Dans l’avion qui nous ramène d’Irlande le 19 juin 1969, soit quatre jours après l’élection de Georges Pompidou à la tête de l’État, je provoque, une dernière fois, le Général :
— Si j’étais Pompidou, je viendrais vous saluer à votre arrivée à Saint-Dizier.
— Il n’oserait pas !
Le signe le plus évident de la rupture définitive entre les deux hommes, c’est Mme de Gaulle qui le donne en faisant fermer la bière de son mari, le 10 novembre 1970, avant l’arrivée à La Boisserie de Georges Pompidou, président de la République.
Exil volontaire
Le référendum annoncé le 24 mai 1968 est fixé au 27 avril 1969. Les propositions du Général sont repoussées par 52,41 % des suffrages exprimés. Le Général, qui se trouve à Colombey, cesse aussitôt d’assumer ses fonctions et sa décision prendra effet le lendemain, lundi 28 à midi.
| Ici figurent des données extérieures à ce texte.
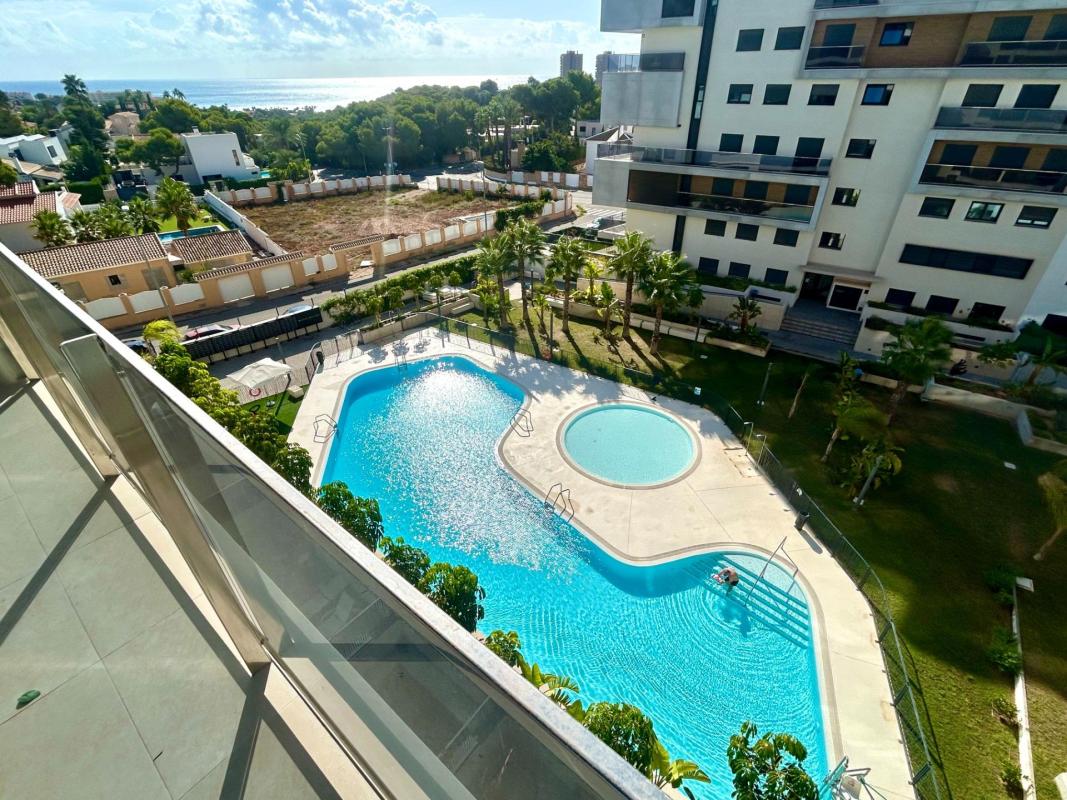 Sprzedaż mieszkania w Campoamor, Orihuela
photo 1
Lundi à 10 heures, je me rends à La Boisserie. Pour la première fois, je trouve le Général qui m’attend, désoeuvré, dans le petit jardin floral devant sa demeure.
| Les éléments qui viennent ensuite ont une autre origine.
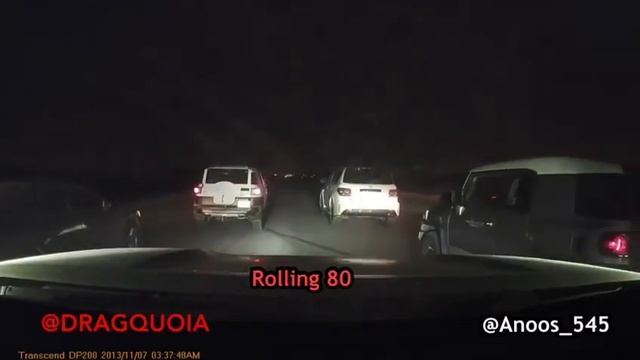 Toyota FJ Cruiser vs Nissan Patrol Nismo pt3 смотреть онлайн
Il me demande ce que je « pense de tout cela ». Je lui dis ma honte et mon chagrin. Je pense que le choc lui a été rude d’être désavoué par les Français après tout ce qu’il a fait pour eux et, essayant de lui apporter un peu de réconfort, je lui cite les paroles de Brutus s’adressant au fantôme de César dans son combat décisif, plaine de Philippes, contre Octave et Antoine.
— O Julius Cesar ! Thou art mighty yet ! Thy spirit walks abroad, and turns our swords in our own proper entrails.
Je traduis :
— Ô César ! Tu es toujours omnipotent ! Ton fantôme se promène alentour et nous oblige à tourner nos épées contre nos propres entrailles.
Avant de conclure :
— Vous êtes César, et vous êtes en vie.